Data shown:
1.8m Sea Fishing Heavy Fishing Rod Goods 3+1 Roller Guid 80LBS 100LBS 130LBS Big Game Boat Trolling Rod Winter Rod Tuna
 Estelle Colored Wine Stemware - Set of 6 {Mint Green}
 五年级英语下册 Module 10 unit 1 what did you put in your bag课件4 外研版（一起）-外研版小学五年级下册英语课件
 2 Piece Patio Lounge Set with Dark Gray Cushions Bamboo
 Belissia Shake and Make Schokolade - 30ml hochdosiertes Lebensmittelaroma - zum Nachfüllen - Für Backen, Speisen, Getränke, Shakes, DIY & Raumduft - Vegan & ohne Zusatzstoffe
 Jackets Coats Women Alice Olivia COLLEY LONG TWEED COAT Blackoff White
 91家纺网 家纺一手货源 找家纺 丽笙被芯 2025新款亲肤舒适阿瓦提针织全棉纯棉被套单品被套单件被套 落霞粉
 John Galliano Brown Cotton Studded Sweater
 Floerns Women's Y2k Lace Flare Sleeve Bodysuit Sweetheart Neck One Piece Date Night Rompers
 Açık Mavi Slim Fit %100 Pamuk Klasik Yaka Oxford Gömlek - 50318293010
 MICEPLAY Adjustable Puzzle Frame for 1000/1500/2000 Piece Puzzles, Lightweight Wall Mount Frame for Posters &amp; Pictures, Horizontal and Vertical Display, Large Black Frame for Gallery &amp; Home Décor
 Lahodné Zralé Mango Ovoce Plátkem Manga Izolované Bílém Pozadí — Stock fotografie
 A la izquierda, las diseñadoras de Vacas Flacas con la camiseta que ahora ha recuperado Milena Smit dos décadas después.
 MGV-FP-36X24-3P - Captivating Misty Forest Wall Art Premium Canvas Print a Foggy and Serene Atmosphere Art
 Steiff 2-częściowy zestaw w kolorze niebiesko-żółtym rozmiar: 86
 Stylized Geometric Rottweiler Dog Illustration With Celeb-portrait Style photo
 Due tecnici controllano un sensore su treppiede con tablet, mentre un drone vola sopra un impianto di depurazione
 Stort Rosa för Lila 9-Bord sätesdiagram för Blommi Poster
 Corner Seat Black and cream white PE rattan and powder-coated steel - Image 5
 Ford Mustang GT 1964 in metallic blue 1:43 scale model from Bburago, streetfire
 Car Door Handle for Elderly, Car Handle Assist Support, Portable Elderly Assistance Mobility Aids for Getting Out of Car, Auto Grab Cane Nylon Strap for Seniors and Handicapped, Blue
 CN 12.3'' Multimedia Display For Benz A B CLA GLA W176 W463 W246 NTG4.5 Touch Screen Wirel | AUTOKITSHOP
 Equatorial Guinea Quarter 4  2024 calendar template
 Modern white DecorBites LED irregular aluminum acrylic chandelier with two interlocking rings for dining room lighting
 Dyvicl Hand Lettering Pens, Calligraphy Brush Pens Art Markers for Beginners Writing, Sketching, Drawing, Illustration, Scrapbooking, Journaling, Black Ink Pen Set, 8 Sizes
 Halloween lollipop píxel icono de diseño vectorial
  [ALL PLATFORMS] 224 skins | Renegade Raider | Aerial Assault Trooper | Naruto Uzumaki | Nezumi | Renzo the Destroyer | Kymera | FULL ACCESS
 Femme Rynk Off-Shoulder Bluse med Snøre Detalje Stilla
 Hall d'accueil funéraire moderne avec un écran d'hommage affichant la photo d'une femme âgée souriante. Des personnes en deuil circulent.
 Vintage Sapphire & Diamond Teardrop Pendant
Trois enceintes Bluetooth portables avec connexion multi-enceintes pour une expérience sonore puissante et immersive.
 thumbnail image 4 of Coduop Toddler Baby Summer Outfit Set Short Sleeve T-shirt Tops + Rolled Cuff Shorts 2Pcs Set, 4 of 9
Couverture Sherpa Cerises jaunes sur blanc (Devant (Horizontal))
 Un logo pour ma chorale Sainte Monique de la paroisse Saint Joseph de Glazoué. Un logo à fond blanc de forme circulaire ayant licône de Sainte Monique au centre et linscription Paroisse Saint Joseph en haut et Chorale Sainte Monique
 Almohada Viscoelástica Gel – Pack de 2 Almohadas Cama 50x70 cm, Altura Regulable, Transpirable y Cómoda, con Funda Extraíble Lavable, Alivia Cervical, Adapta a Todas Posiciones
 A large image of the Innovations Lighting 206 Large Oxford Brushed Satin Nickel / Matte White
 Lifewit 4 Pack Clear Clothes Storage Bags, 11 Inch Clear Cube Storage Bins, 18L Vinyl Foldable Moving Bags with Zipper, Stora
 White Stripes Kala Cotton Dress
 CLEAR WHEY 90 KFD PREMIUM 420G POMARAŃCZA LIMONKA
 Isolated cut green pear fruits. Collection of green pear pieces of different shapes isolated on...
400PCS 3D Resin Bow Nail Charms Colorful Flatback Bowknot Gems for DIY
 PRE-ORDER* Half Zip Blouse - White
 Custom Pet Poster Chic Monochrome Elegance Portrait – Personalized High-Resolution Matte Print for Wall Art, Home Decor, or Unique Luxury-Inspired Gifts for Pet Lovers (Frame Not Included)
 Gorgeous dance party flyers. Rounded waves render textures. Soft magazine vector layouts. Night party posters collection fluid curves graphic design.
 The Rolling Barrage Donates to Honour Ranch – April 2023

Exercise aim: Please copy exactly the lines from the first line of the records above through the line containing "John Galliano Brown Cotton Studded Sweater", including both, and nothing more.

Answer to this problem:
1.8m Sea Fishing Heavy Fishing Rod Goods 3+1 Roller Guid 80LBS 100LBS 130LBS Big Game Boat Trolling Rod Winter Rod Tuna
 Estelle Colored Wine Stemware - Set of 6 {Mint Green}
 五年级英语下册 Module 10 unit 1 what did you put in your bag课件4 外研版（一起）-外研版小学五年级下册英语课件
 2 Piece Patio Lounge Set with Dark Gray Cushions Bamboo
 Belissia Shake and Make Schokolade - 30ml hochdosiertes Lebensmittelaroma - zum Nachfüllen - Für Backen, Speisen, Getränke, Shakes, DIY & Raumduft - Vegan & ohne Zusatzstoffe
 Jackets Coats Women Alice Olivia COLLEY LONG TWEED COAT Blackoff White
 91家纺网 家纺一手货源 找家纺 丽笙被芯 2025新款亲肤舒适阿瓦提针织全棉纯棉被套单品被套单件被套 落霞粉
 John Galliano Brown Cotton Studded Sweater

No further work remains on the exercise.